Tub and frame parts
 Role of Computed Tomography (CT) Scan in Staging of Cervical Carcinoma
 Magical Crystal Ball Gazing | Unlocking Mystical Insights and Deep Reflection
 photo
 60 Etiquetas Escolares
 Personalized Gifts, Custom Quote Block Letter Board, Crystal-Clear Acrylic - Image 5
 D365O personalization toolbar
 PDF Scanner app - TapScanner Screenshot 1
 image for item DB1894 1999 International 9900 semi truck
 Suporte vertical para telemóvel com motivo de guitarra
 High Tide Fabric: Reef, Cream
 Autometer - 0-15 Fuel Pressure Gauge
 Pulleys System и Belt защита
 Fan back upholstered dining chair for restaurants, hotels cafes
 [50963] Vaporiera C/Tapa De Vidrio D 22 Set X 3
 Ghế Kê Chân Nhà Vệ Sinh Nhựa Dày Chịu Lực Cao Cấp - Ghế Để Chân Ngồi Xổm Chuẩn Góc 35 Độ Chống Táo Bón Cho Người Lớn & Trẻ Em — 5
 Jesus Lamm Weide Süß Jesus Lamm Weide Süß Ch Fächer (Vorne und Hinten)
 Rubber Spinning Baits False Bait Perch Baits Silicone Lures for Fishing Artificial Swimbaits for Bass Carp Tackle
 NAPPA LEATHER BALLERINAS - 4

## [ASSIGNMENT]
Exactly as written, copy the lines from the one containing "image for item" to the end of the entries, both ends included.

## [TASK SOLUTION]
 image for item DB1894 1999 International 9900 semi truck
 Suporte vertical para telemóvel com motivo de guitarra
 High Tide Fabric: Reef, Cream
 Autometer - 0-15 Fuel Pressure Gauge
 Pulleys System и Belt защита
 Fan back upholstered dining chair for restaurants, hotels cafes
 [50963] Vaporiera C/Tapa De Vidrio D 22 Set X 3
 Ghế Kê Chân Nhà Vệ Sinh Nhựa Dày Chịu Lực Cao Cấp - Ghế Để Chân Ngồi Xổm Chuẩn Góc 35 Độ Chống Táo Bón Cho Người Lớn & Trẻ Em — 5
 Jesus Lamm Weide Süß Jesus Lamm Weide Süß Ch Fächer (Vorne und Hinten)
 Rubber Spinning Baits False Bait Perch Baits Silicone Lures for Fishing Artificial Swimbaits for Bass Carp Tackle
 NAPPA LEATHER BALLERINAS - 4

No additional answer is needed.